You can use a carbide tipped blade to cut thin soft metal (brass, aluminum) but it makes a big mess (think metal shavings everywhere!). I have used my miter saw but I wheel it outdoors and put a big tarp around it. You can buy big abrasive metal cutting discs in the home depot but they make the metal very hot as they cut, especially hard steel. I'm not sure how successful you would be trying to cut thin strips of steel. 

-Brian


----------



## Dwight Ennis (Jan 2, 2008)

Personally, I don't know if I'd want to try that on a 10" table saw regardless of the blade. 0.032" is pretty thin, and if that fast-spinning blade catches it, God knows what could happen. It could rip it out of your hand or shoot it out of the saw in a heartbeat. I'd be too afraid of serious injury. Besides, even if you could cut it, I doubt it would come out very well, and would probably be bent up with mucho burrs all along the edges. 
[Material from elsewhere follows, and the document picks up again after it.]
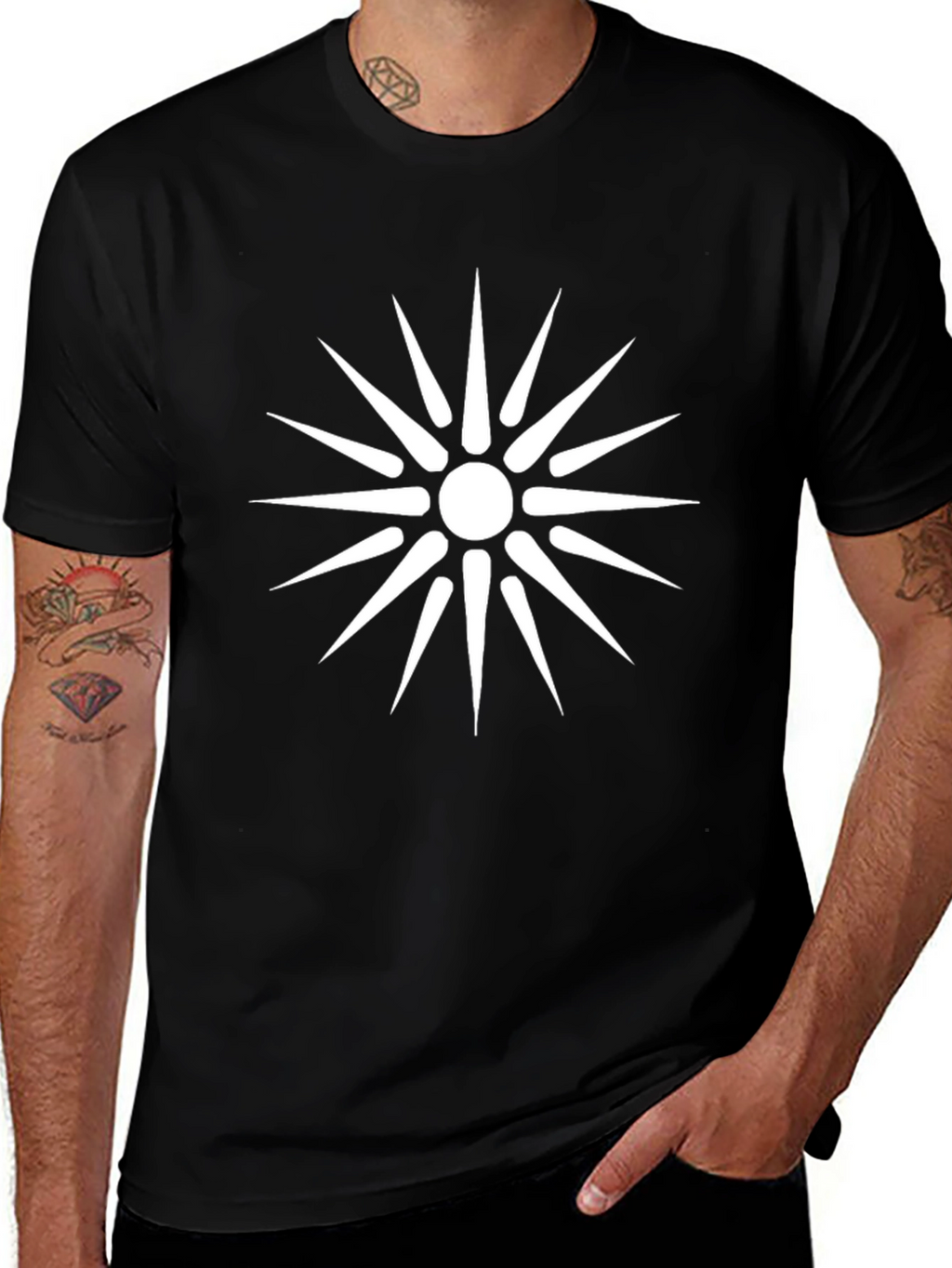 Black T-Shirt with Vergina Sun Design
My recommendation would be to (a) use a shear, (b) find someone with a shear willing to cut it for you, or (c) buy it already cut to width. Perhaps a local sheet metal company would be willing to cut you a few strips for little or no cost. Either way, your fingers, eyes, and hands are worth the extra expense. 

MHO.


----------



## Gary Armitstead (Jan 2, 2008)

I sure wouldn't do it!/DesktopModules/NTForums/themes/mls/emoticons/shocked.gif


----------



## Road Foreman (Jan 2, 2008)

Check out the local HVAC companys or the local schools with metal shops.. A shear is much safer.. 

BulletBob


----------



## Guest (Jul 30, 2008)

I use my table saw to cut my picture frame mouldngs...wood and metal...with a blade made for the industry.


----------



## Allegheny (Jan 2, 2008)

I'd have to echo the above - cutting thin sheet metal on a table saw would be very dangerous. 
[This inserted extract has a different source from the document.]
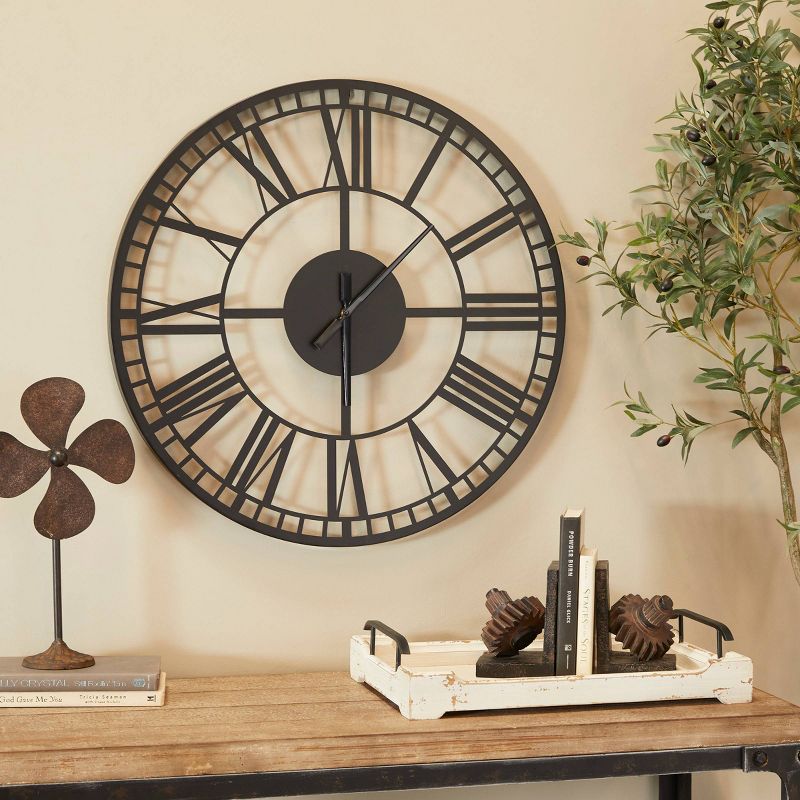 28&#34;x28&#34; Metal Open Frame Wall Clock Black - Olivia &#38; May, 2 of 19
37 and 52" jump shears are very common and there are models that can handle 16 gauge (.060") or thinner steel without problem all day long. Once you get the back gauge set up properly, you could cut 192 1/2" wide strips out of an 8' piece of sheet stock in less than half an hour. Any HVAC shop should be able to handle such a job. 

Brian


----------



## SteveC (Jan 2, 2008)

Posted By jimtyp on 07/30/2008 2:52 PM

_I have a 10" table saw and was wondering if I could use it to cut thin metal ~.032". I need to cut strips of 1/2" to 1" wide and about 3' long. «snip...»_


----------



## dbodnar (Jan 2, 2008)

I have had good luck cutting sheet metal with an old paper cutter - the guillotine type that schools once used - it has a 24" blade and still cuts like a champ! If you can't find one of the old ones Harbor Freight sells a lighter duty unit that might work for you. 

dave


----------



## MasonsDad (Feb 7, 2008)

how many strips do you need? I have a shear and am in San Antonio TX but would be more than happy to cut you some


----------



## rkapuaala (Jan 3, 2008)

I've cut brass up to 1/4" thick on a table saw,,, an old 10" delta contractors saw,,, just fine. But as others have mentioned, considering the cost of brass, I would look into borrowing a shear or a paper cutter. I've cut thin sheets of brass and steel on a paper cutter with no harm to the blade. It sure caused trouble with my wife though. 
I have a shear now, and there is no comparision between that and the other alternatives when it comes to cutting metal,,, how ever, it is limited in the thickness it can cut. 
Changed slightly by Peter Bunce as moderator, re language.


----------



## jimtyp (Jan 2, 2008)

Thanks for the info gents! I remember trying to cut some thin brass metal (.032") on chop saw once and it was a bad experience, lucky I didn't put an eye out or worse. 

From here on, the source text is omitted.